Last year, SpyX, a monitoring app designed to help parents track their children's online and offline activities, suffered a data breach. The breach, kept secret until March 2025, affected nearly 2 million people, according to our colleagues at TechCrunch.
SpyX is software that can be described as stalkerware. Once installed on a smartphone, it can monitor social networks (WhatsApp, Instagram, Snapchat, etc.), spy on calls, text messages, and GPS location, and access browsing history, record keystrokes, and capture all deleted content. It works on Android and iOS, but is obviously not available on the Play Store or the App Store. Customers of this type of software are generally called "stalkers."
Exposed iCloud credentials
As explained by researcher Troy Hunt, who created the Have I Been Pwned website, the exposed data includes nearly two million email addresses and more than 17,000 Apple IDs stored in plain text. The researcher explains that he received a copy of the breached data in the form of two files. He compared the data with those already listed on his website. Most of the email addresses are directly linked to SpyX, with fewer than 300,000 addresses associated with its clones Msafely and SpyPhone. About 40% of the email addresses were already listed on Have I Been Pwned.
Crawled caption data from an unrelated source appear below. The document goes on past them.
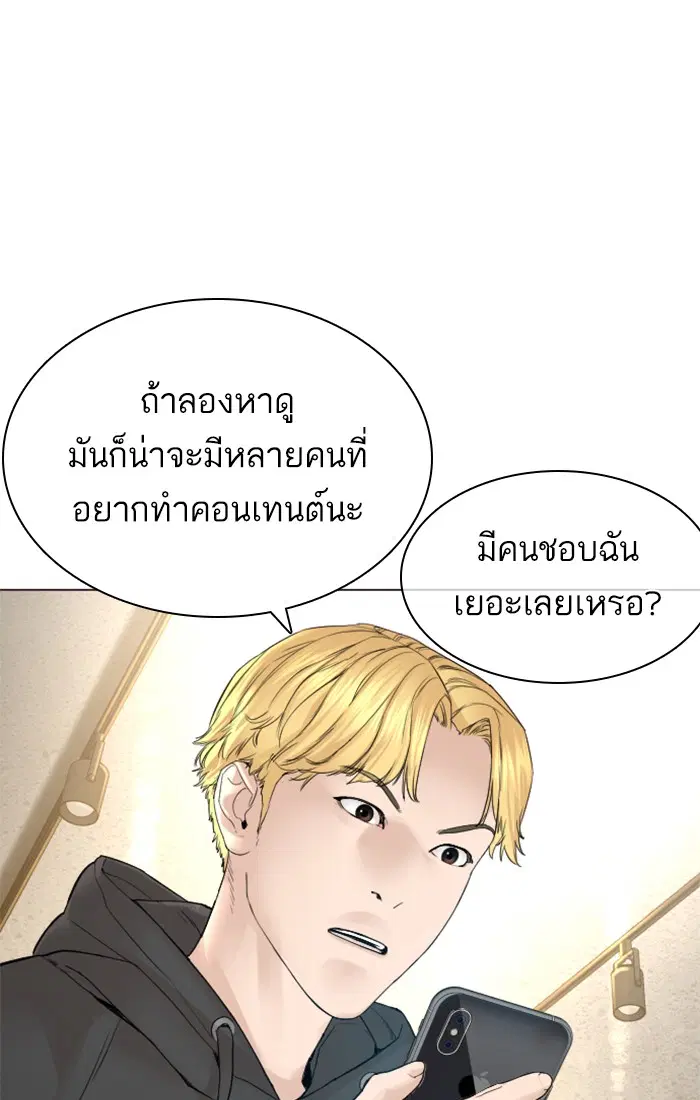 How to Fight ตอนที่ 148 หน้า 10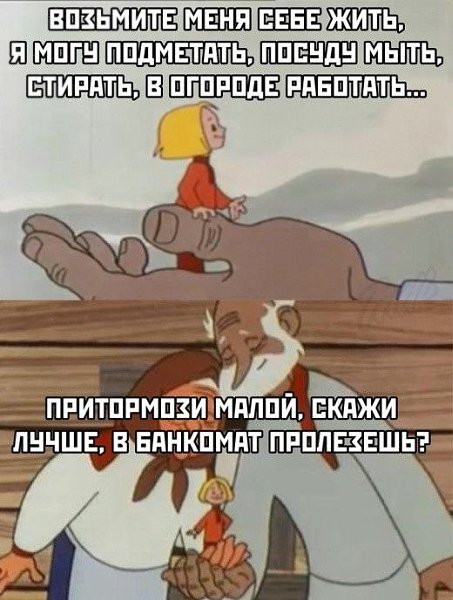 Когда я курю на балконе, то никогда не выбрасываю окурки вниз, потому что боюсь, что окурок занесет ...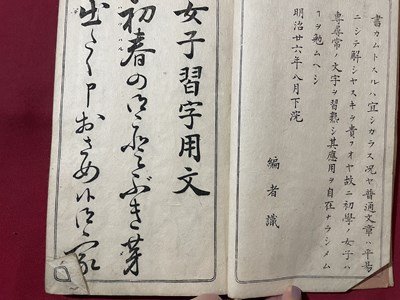 ｓ▼▼　明治期　女子習字用文　岡本竹二郎　弘文館　明治26年　古書　紐綴じ　書　　 /　E30_画像2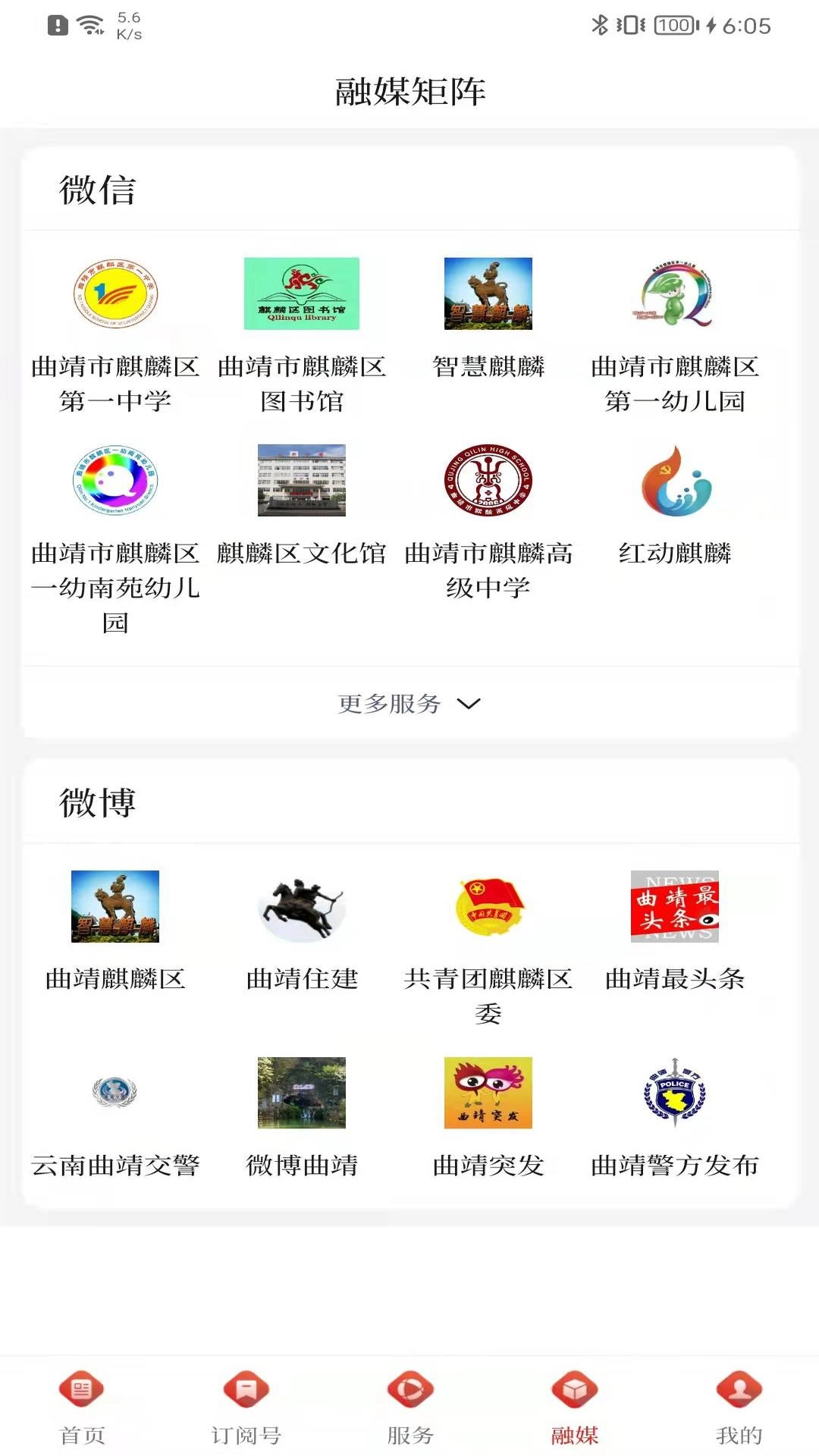 麒麟云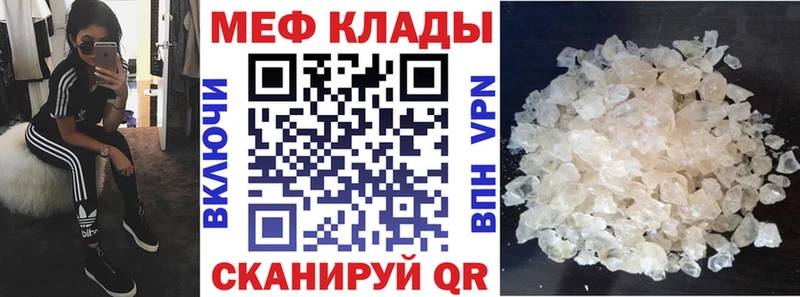 МЯУ-МЯУ 4 MMC  Купить где  Туймазы 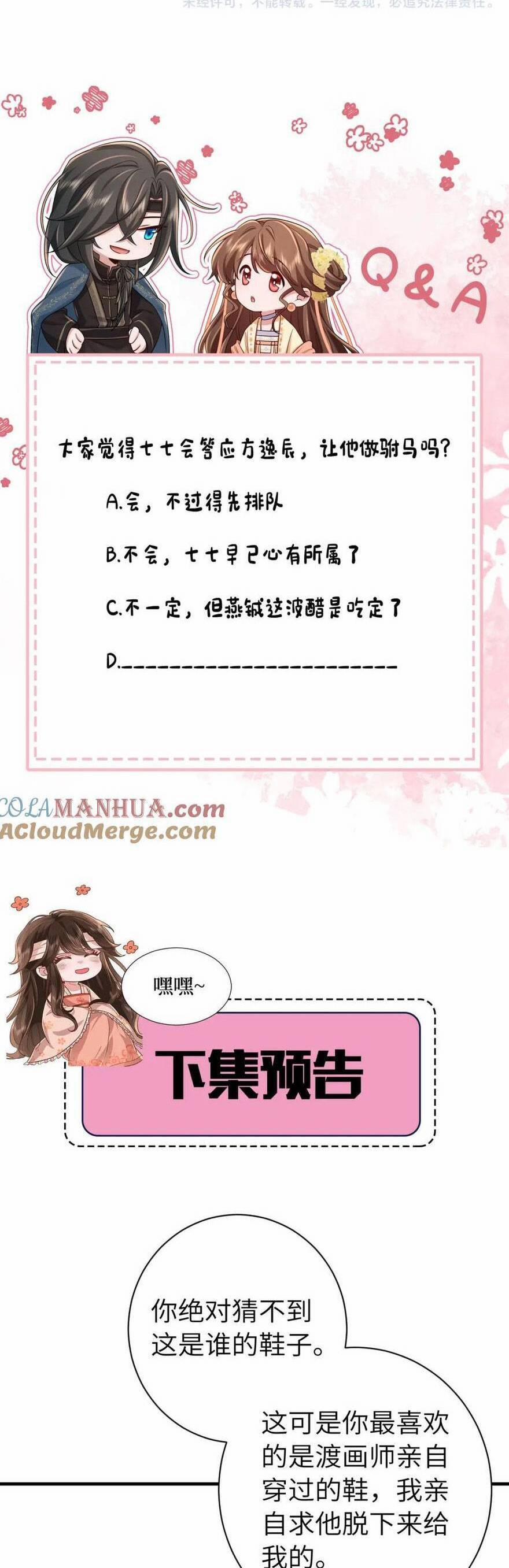 Cách Thức Sinh Tồn Của Pháo Hôi Khuê Nữ 207 trang 25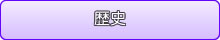 歴史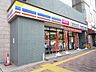 周辺：ミニストップ茗荷谷店 徒歩5分。コンビニ 360m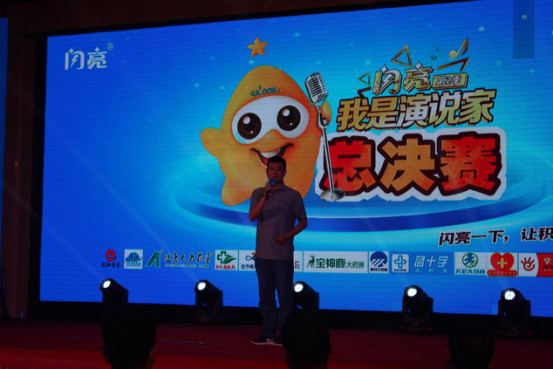 天游ty8·(中国区)_天游线路检测中心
The most concerning part of the leak concerns iPhone users. Troy Hunt discovered email addresses and Apple account passwords in the data. The developer was able to partially confirm the authenticity of the credentials. Using these, it is possible to access victims' iCloud backups, including their personal data, messages, and other sensitive information, such as photos or videos.
SpyX relied on Apple IDs to monitor its users' targets, without requiring installation on the iPhone. In fact, the stalkerware only had to monitor its target's actions through iCloud backups. It can in fact continuously retrieve the victim's latest backup from Apple's servers, which amounts to constantly spying on everything they do.
A recurring problem
This isn't the first time spyware has been the victim of a personal data leak. TechCrunch reports that this is already the 25th time stalkerware has been breached since 2017. Apps like mSpy, PCTattleTale, TheTruthSpy, Cocospy, Spyic, and Spyzie have also been implicated in similar leaks.
It is currently unclear what happened to the data stolen in the SpyX hack. It is unclear whether users' private information ended up in the hands of cybercriminals.